>>8
I'll take CL as an example and prove that it doesn't fit
>>9's definition:
1. Poor library support.
No, there's plenty of libraries - I've yet to encounter needing a general purpose library which I couldn't find. In recent CL applications I've written, I've used 4-5 libraries per project. Minor bugs were encountered on some older ones, but fixing the bugs myself only took >30min of debugging time total.
2. Obstacles that prevent real world usage e.g.
- Buggy/immature implementation
Some implementations have 10-20 years(or more) of development behind them. Most are pretty damn stable and mature.
- Poor performance, especially for critical things like I/O
Almost all real ones generate native code.
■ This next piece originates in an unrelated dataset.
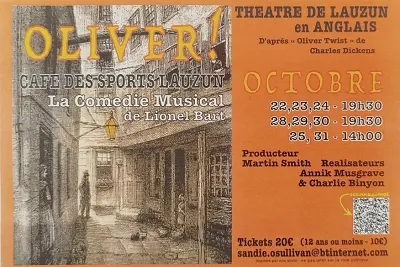 Théâtre Lauzun "Oliver !"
Some can approach C in levels of performance if used with enough declarations. 2-4 times slower than C is common when one doesn't optimize/profile, but that's still much better than some other languages.
- Difficult to program in
3. Little adoption by for-profit or notable non-profit organizations
What does adoption have to do with difficulty of programming in? It was adopted in the past by the US govt and various corporations (Symbolics even made an entire OS in it), but due to mismanagement and the AI Winter, usage drops. It's still in use by various companies, some quite large, but it's most certainly not a mainstream language.
4. Unorthodox language features.
What does ``unorthodox language feature'' even mean? Do you consider the C pointer unorthodox? Do you consider the Java class unorthodox? Do you consider direct memory access in assembler unorthodox? Do you consider passing functions as arguments (first-class functions) in a language unorthodox? Do you consider VHDL/Verilog's timing model unorthodox? and so on.
Language features are what define a language. There's no such thing as orthodox or unorthodox, unless you mean that anything that isn't just a strictly imperative language as unorthodox, but even if you consider that, most languages, even popular ones, don't fit that model exactly. Lisp's features usually take advantage of the S Expression based notation to achieve macros, read/write representations, first-class functions, list templates and so on - they are what define the language.
5. Cult-like user base
A bit confused what this is supposed to mean. I'm willing to go for what
>>10 said, but I'd imagine anyone has some favorite language (be it C, Java, Perl, PHP, Haskell, Scheme, CL, etc), so it probably applies to any language. Lisp does have a few separate userbases which keep it alive by maintaining implementations and writing libraries (most BSD/MIT, public domain, and a few LLGPL(more permissive LGPL)).